◆ **What is expected**: The answer must consist only of the lines from the line with "Limoges Toile de" to the line with "Women's Jackets And", both included, exactly as they stand below.

Items from a dataset

━━━━━━━━━━━━━━━━━━━━

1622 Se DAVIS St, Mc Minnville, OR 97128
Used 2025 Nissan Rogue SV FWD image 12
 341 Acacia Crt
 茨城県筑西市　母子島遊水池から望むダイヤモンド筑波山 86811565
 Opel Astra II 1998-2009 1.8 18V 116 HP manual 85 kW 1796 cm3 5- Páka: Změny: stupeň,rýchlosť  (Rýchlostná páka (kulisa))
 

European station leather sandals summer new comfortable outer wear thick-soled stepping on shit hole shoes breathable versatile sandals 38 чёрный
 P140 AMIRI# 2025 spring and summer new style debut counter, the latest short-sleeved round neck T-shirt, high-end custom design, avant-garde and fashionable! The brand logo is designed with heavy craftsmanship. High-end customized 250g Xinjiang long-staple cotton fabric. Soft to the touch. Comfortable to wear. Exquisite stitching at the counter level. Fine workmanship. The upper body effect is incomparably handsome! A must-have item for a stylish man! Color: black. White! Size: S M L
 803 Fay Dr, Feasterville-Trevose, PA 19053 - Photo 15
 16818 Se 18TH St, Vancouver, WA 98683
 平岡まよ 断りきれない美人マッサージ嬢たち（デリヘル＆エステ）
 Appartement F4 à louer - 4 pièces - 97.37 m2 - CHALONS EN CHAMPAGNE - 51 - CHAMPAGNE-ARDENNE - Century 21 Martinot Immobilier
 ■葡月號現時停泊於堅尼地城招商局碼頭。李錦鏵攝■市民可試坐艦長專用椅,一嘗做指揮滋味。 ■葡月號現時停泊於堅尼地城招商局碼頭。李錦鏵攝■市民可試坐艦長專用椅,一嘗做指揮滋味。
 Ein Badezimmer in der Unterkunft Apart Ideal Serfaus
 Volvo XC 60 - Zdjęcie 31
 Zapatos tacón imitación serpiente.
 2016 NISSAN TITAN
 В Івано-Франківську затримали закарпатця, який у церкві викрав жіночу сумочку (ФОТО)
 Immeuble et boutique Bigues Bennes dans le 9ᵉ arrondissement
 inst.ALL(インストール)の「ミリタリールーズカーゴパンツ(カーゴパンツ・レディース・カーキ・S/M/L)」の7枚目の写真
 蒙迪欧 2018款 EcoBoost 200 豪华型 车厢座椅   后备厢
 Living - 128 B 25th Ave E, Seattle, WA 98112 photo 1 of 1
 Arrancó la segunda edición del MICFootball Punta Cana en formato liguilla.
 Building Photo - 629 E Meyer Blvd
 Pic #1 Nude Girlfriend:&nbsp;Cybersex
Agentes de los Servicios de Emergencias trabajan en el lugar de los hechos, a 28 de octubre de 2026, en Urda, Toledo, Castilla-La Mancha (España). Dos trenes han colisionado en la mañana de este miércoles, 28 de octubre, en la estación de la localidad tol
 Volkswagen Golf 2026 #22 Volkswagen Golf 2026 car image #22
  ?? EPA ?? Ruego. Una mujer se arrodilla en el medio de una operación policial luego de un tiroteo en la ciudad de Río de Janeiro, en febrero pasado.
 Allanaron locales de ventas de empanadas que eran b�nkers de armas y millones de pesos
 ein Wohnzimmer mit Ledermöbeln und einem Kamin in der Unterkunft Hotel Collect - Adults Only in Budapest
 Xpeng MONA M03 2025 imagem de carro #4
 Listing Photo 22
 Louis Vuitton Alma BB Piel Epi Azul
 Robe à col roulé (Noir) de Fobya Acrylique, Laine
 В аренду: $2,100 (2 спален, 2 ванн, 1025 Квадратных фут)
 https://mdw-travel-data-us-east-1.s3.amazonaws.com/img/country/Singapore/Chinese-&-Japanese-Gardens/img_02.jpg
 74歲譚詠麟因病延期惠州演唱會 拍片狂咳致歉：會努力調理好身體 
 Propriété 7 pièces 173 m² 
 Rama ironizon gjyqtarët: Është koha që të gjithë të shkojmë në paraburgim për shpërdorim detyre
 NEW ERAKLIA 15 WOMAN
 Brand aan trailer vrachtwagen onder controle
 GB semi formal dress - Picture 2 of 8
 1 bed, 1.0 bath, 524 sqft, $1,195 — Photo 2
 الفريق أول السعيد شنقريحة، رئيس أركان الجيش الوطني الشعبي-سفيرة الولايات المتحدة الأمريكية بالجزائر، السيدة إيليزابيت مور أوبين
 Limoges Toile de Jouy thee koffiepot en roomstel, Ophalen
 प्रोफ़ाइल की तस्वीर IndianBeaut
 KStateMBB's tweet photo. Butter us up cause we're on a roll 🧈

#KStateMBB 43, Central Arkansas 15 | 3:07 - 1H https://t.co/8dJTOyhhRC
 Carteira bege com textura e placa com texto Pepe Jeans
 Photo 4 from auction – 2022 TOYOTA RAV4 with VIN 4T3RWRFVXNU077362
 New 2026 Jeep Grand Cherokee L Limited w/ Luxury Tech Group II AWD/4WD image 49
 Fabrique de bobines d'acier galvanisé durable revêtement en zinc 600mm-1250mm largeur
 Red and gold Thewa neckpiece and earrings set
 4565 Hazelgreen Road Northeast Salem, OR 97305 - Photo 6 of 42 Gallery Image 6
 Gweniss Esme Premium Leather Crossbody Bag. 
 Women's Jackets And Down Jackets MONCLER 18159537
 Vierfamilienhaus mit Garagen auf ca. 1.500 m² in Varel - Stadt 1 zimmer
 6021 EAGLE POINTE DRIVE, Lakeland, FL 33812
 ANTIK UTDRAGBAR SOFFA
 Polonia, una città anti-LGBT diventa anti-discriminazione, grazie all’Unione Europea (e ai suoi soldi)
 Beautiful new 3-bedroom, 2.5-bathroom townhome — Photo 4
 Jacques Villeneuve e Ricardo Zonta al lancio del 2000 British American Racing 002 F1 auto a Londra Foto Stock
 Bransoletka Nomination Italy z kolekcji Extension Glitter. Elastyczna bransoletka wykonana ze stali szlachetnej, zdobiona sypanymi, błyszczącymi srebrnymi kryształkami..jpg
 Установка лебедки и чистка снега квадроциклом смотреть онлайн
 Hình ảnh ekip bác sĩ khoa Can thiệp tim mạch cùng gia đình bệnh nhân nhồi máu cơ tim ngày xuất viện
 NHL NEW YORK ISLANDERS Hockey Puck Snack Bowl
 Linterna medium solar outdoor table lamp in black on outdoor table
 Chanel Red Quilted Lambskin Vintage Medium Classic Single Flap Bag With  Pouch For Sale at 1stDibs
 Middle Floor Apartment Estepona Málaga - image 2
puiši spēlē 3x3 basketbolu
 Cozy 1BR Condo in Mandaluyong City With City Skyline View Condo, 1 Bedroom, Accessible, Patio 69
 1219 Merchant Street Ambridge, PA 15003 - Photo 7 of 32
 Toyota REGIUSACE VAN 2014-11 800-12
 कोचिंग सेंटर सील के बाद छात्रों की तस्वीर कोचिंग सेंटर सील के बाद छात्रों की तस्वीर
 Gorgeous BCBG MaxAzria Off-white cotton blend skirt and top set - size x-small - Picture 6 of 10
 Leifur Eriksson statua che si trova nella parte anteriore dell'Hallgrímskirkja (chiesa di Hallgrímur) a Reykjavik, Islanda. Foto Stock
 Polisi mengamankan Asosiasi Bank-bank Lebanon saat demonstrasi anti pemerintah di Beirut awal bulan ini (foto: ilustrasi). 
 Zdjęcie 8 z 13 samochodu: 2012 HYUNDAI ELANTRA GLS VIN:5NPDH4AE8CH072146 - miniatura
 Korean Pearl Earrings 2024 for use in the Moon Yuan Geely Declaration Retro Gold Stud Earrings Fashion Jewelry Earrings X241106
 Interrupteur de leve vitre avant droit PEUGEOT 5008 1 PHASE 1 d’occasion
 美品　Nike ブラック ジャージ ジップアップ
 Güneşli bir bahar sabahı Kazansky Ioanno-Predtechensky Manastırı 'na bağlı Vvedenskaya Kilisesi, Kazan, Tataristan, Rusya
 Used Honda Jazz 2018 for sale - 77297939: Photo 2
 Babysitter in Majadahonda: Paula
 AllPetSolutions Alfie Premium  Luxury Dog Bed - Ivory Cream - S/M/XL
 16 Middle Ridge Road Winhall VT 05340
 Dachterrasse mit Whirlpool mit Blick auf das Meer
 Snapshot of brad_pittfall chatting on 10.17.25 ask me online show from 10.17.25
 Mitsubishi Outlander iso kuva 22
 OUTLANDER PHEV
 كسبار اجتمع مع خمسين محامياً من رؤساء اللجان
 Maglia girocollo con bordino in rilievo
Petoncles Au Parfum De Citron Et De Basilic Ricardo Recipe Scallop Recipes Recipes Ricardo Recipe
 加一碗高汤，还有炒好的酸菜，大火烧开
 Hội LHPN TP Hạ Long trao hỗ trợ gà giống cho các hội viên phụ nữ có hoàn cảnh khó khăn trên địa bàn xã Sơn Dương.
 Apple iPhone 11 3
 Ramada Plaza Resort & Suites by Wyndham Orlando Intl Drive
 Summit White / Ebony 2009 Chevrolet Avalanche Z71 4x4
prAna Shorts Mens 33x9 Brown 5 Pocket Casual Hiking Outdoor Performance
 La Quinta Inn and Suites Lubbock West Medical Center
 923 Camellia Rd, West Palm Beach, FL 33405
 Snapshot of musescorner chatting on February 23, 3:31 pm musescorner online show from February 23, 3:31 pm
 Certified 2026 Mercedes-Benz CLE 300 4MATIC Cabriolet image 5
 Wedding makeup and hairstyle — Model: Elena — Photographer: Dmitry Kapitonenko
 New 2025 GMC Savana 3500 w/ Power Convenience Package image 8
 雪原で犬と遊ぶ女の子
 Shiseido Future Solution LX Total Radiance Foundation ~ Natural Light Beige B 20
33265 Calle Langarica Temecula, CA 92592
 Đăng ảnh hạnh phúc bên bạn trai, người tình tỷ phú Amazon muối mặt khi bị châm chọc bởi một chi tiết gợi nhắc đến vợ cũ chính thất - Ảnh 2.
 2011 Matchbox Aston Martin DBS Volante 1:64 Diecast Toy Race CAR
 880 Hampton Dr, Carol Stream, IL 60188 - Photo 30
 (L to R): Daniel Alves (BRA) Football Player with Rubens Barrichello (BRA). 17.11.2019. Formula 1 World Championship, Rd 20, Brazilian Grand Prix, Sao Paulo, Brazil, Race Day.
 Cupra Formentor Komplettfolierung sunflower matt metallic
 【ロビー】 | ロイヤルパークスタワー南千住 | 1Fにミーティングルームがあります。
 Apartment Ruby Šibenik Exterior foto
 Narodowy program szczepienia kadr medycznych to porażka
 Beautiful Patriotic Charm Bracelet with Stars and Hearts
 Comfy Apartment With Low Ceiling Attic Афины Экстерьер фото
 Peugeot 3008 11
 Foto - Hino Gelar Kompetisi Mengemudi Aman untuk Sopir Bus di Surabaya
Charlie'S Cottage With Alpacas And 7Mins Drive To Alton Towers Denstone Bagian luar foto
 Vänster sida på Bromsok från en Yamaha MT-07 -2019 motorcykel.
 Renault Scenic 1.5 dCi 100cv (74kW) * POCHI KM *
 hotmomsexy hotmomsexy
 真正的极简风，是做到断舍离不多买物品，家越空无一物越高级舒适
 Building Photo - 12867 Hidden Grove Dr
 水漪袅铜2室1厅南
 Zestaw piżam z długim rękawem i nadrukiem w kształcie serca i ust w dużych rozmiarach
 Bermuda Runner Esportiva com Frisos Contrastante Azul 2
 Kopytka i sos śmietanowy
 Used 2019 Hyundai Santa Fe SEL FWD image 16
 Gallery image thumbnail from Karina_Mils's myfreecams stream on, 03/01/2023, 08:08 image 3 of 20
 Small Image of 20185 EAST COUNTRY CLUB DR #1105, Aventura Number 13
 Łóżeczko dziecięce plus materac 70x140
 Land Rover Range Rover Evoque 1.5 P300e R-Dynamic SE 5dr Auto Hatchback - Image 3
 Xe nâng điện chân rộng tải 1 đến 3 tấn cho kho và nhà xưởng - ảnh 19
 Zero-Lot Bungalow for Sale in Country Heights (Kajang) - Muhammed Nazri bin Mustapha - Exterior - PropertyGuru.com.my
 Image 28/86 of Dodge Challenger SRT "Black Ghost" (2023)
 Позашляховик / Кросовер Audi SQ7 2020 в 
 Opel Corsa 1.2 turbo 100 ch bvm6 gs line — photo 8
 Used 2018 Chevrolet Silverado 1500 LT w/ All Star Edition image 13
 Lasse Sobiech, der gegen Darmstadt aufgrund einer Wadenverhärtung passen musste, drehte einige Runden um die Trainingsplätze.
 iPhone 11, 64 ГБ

━━━━━━━━━━━━━━━━━━━━

◆ **Final answer**:
 Limoges Toile de Jouy thee koffiepot en roomstel, Ophalen
 प्रोफ़ाइल की तस्वीर IndianBeaut
 KStateMBB's tweet photo. Butter us up cause we're on a roll 🧈

#KStateMBB 43, Central Arkansas 15 | 3:07 - 1H https://t.co/8dJTOyhhRC
 Carteira bege com textura e placa com texto Pepe Jeans
 Photo 4 from auction – 2022 TOYOTA RAV4 with VIN 4T3RWRFVXNU077362
 New 2026 Jeep Grand Cherokee L Limited w/ Luxury Tech Group II AWD/4WD image 49
 Fabrique de bobines d'acier galvanisé durable revêtement en zinc 600mm-1250mm largeur
 Red and gold Thewa neckpiece and earrings set
 4565 Hazelgreen Road Northeast Salem, OR 97305 - Photo 6 of 42 Gallery Image 6
 Gweniss Esme Premium Leather Crossbody Bag. 
 Women's Jackets And Down Jackets MONCLER 18159537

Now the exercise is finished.